### TASK DESCRIPTION
Find the line containing "Hubog Trailer" in the entries; transcribe it and all remaining lines through the end, exactly as they appear, but not the pictures.

[Crawled caption data]
○ ○ ○ ○ ○

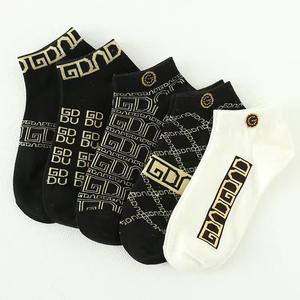 <span class=keywords><strong>Chaussettes</strong></span> bateau décontractées et tendance pour <span class=keywords><strong>hommes</strong></span>, absorbantes, respirantes, à motif lettres, mi-mollet, anti-bactériennes, en mélange de coton, avec logo - Product Image 6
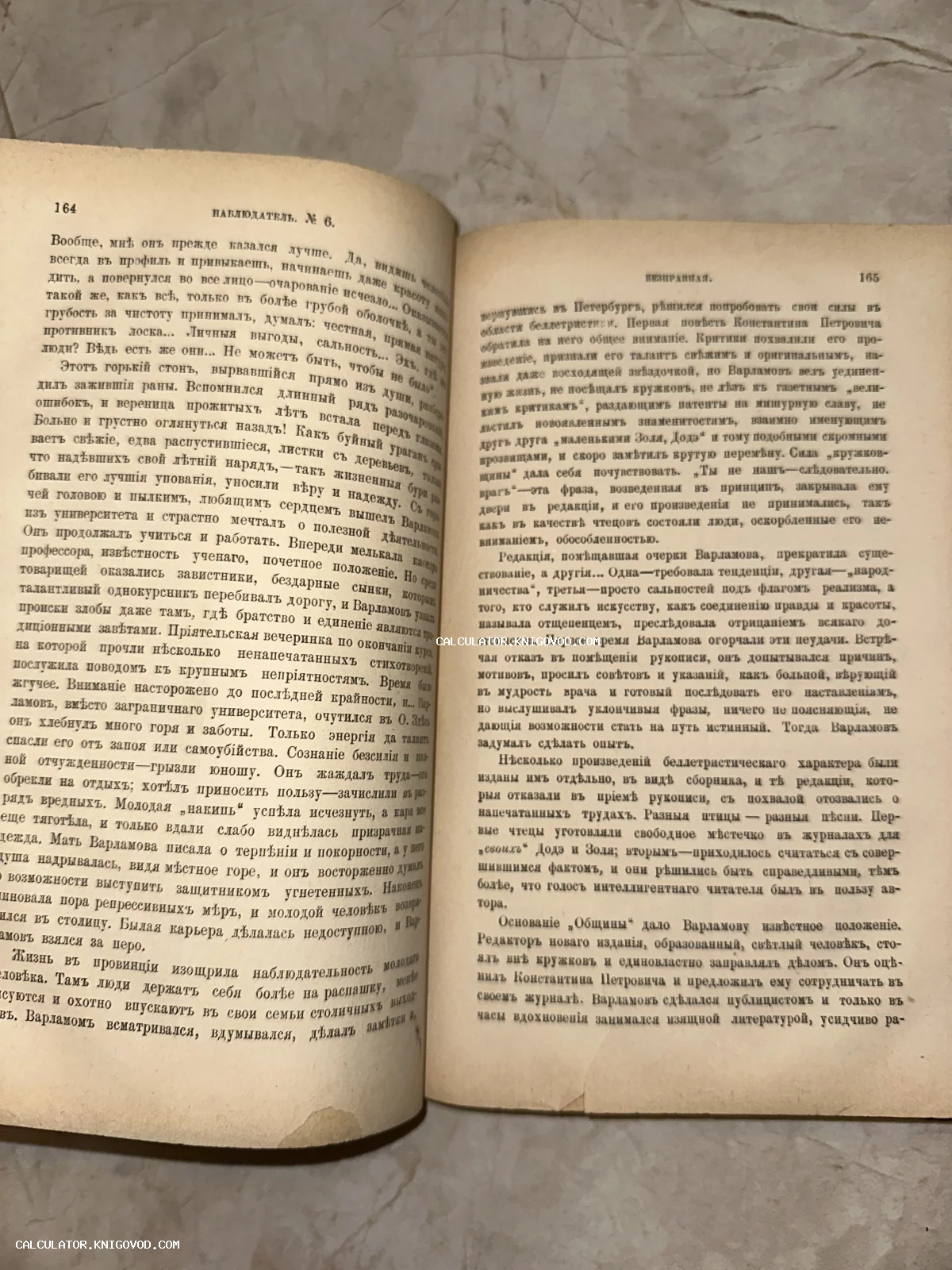 Разворот старинной книги с текстом на дореволюционном русском языке, страницы 164 и 165 журнала «Наблюдатель».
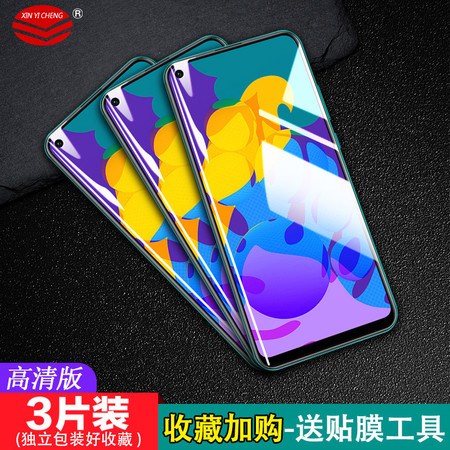 华为荣耀play4t钢化膜honor4T手机保护贴膜AKA-AL10高清膜保护膜防爆膜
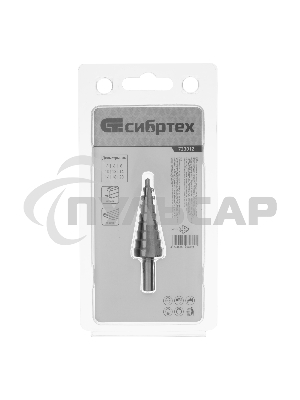 Сверло ступенчатое по металлу Сибртех 4-6-8-10-12-14-16-18-20 мм, 4241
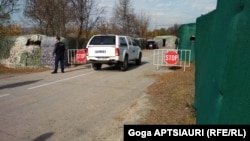 ერგნეთი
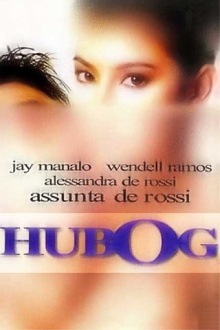 Hubog Trailer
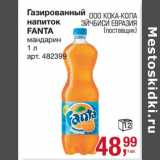 Магазин:Метро,Скидка:Газированный напиток Fanta 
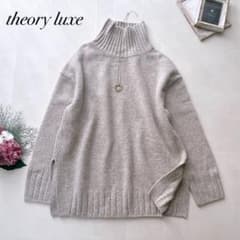 美品✨近年 セオリーリュクス Misto Terry カシミヤ混 ニット 38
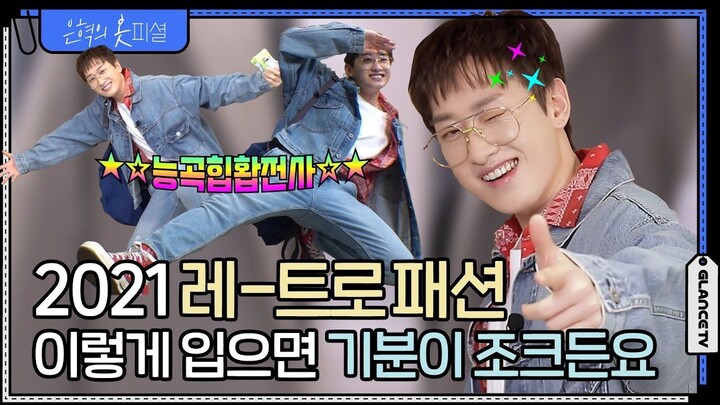 [EN CC] Eunfficial EP.15 - an Old-School Guy Styles Denim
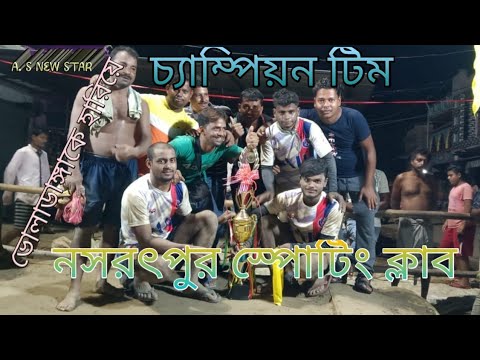 ফাইনাল খেলা । ভোলাডাঙ্গা নিউমর্ডান বনাম নসরৎপুর স্পোটিং ক্লাব।।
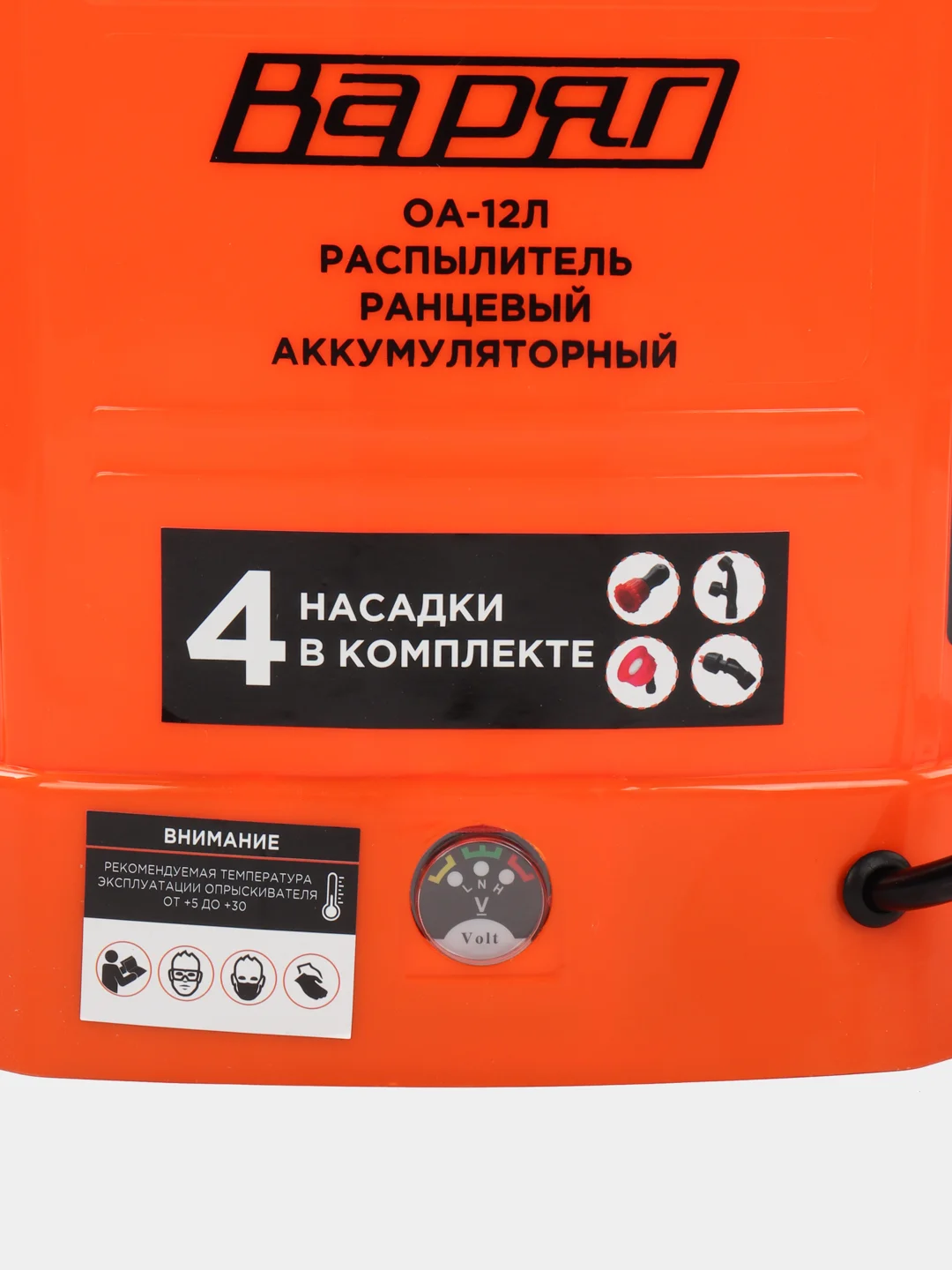 Варяг ОА-12Л Опрыскиватель аккумуляторный (12В, 8Ah, бак 12л, 4,5 бар, 0,5-2,5м, 4,5кг)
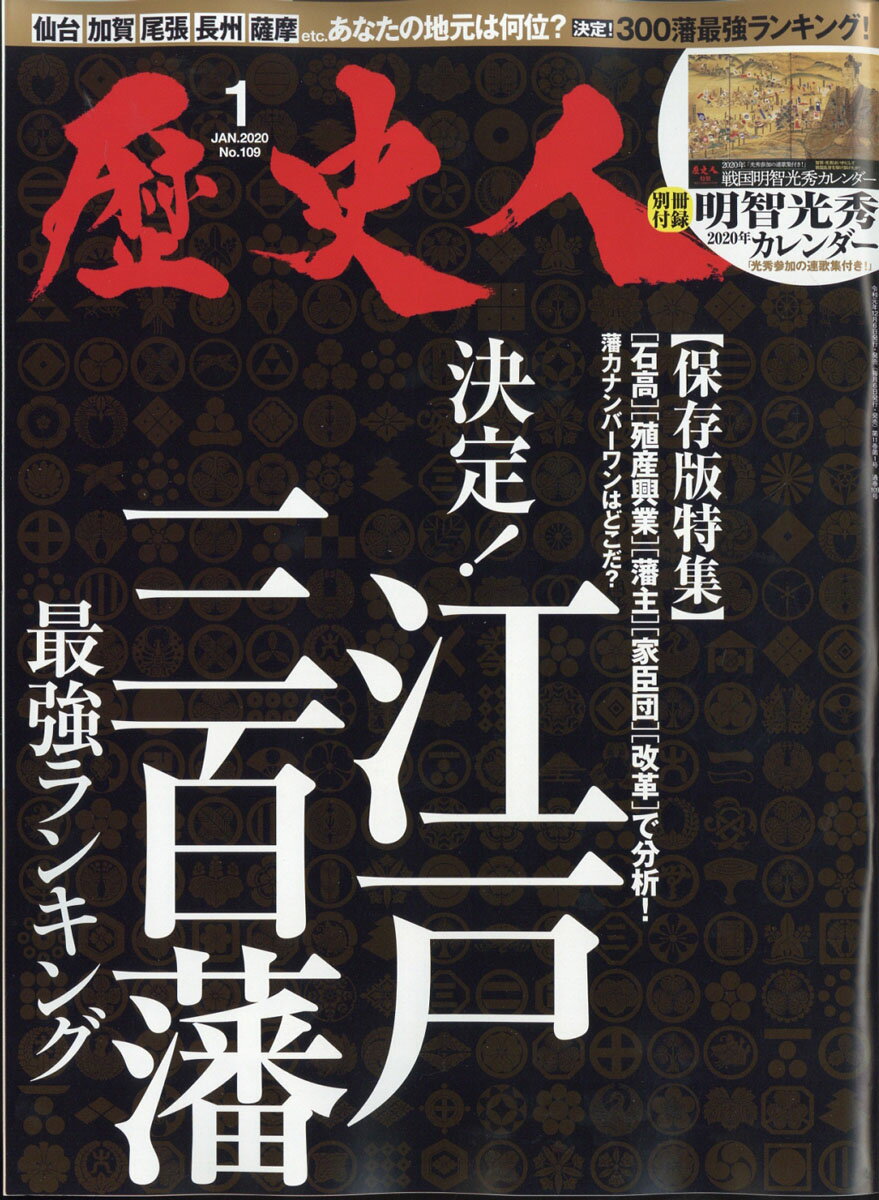 歴史人 2020年 01月号 [雑誌]/ベストセラーズ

○ ○ ○ ○ ○

### ANSWER FOR THIS EXERCISE
 Hubog Trailer
 Магазин:Метро,Скидка:Газированный напиток Fanta 
 美品✨近年 セオリーリュクス Misto Terry カシミヤ混 ニット 38
 [EN CC] Eunfficial EP.15 - an Old-School Guy Styles Denim
 ফাইনাল খেলা । ভোলাডাঙ্গা নিউমর্ডান বনাম নসরৎপুর স্পোটিং ক্লাব।।
 Варяг ОА-12Л Опрыскиватель аккумуляторный (12В, 8Ah, бак 12л, 4,5 бар, 0,5-2,5м, 4,5кг)
 歴史人 2020年 01月号 [雑誌]/ベストセラーズ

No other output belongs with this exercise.